Pala Molisa is a Ni-Vanuatu academic who has recently finished teaching at Victoria University of Wellington’s School of Accounting and Commercial Law. His PhD looked at the role that accounting practices play in helping to exacerbate and perpetuate many of the major social and ecological crises we collectively face today.
His people come from Vanlav and Ambae. His parents were part of the core group of leaders and organizers that helped to take Vanuatu to from independence from the British and French. And he was part of that first generation of youth sent over, after independence, to pursue schooling in New Zealand, where he went to Nelson College, and after that, Victoria University of Wellington, where he studied Law and Accounting.
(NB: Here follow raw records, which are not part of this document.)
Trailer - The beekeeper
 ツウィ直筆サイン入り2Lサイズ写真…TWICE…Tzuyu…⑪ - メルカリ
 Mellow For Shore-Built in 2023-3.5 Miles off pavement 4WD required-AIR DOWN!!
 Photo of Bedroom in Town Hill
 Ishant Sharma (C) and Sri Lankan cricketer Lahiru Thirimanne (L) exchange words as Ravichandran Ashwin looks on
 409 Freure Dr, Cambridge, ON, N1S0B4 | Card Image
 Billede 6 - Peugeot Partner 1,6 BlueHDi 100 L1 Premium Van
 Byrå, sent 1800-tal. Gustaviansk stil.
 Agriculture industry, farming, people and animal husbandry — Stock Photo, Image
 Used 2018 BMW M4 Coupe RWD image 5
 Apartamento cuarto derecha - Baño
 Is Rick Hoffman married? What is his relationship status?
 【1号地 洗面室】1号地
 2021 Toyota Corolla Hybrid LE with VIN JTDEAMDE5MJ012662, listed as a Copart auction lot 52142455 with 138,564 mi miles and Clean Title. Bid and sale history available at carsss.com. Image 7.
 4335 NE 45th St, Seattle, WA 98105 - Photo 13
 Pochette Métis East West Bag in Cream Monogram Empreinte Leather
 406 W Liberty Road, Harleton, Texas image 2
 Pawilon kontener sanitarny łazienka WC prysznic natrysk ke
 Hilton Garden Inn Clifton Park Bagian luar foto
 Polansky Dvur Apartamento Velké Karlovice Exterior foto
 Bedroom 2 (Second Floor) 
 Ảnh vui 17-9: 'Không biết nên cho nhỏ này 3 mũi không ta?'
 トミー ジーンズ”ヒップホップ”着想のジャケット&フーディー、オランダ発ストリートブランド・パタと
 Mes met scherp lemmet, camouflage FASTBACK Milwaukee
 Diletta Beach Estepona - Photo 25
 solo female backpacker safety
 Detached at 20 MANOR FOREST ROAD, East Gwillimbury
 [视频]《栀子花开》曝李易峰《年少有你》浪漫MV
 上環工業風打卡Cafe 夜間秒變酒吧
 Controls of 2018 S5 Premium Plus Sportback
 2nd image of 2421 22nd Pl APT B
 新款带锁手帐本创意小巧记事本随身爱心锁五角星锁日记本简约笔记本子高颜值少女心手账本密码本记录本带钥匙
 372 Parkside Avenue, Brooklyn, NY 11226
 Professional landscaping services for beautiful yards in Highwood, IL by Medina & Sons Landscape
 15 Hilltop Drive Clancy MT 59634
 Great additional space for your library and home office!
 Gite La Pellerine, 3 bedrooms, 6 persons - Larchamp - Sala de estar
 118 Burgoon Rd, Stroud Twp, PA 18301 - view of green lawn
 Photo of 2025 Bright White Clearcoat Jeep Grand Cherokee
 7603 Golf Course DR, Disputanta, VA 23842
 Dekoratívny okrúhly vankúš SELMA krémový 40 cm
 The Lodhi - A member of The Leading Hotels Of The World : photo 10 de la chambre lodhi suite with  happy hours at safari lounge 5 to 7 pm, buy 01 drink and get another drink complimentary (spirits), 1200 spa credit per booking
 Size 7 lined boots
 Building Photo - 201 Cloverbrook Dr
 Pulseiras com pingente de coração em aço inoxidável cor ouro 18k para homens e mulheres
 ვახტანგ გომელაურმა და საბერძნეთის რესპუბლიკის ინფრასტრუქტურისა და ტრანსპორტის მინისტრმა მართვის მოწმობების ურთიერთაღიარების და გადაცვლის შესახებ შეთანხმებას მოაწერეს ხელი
His research focusses primarily on issues of social justice, and he was written on issues such neo-colonialism in the Pacific, neoliberalism, male violence against women, the harms of the prostitution and pornography industries, the genocide in West Papua, and catastrophic climate disruption.
He writes poetry, op-eds, and academic articles, and his current project is a book on the Pacific history of pan-Pacific decolonization and independence struggles.
Those histories of pan-Pacific decolonization and independence struggle are really crucial for understanding the social, political, and ecological challenges that confront the Pacific region and, more broadly, the world today. But they have also been by and large ignored and forgotten, particularly, in the mainstream centres of education and learning. His current project involves the recovery and re-examination of that history.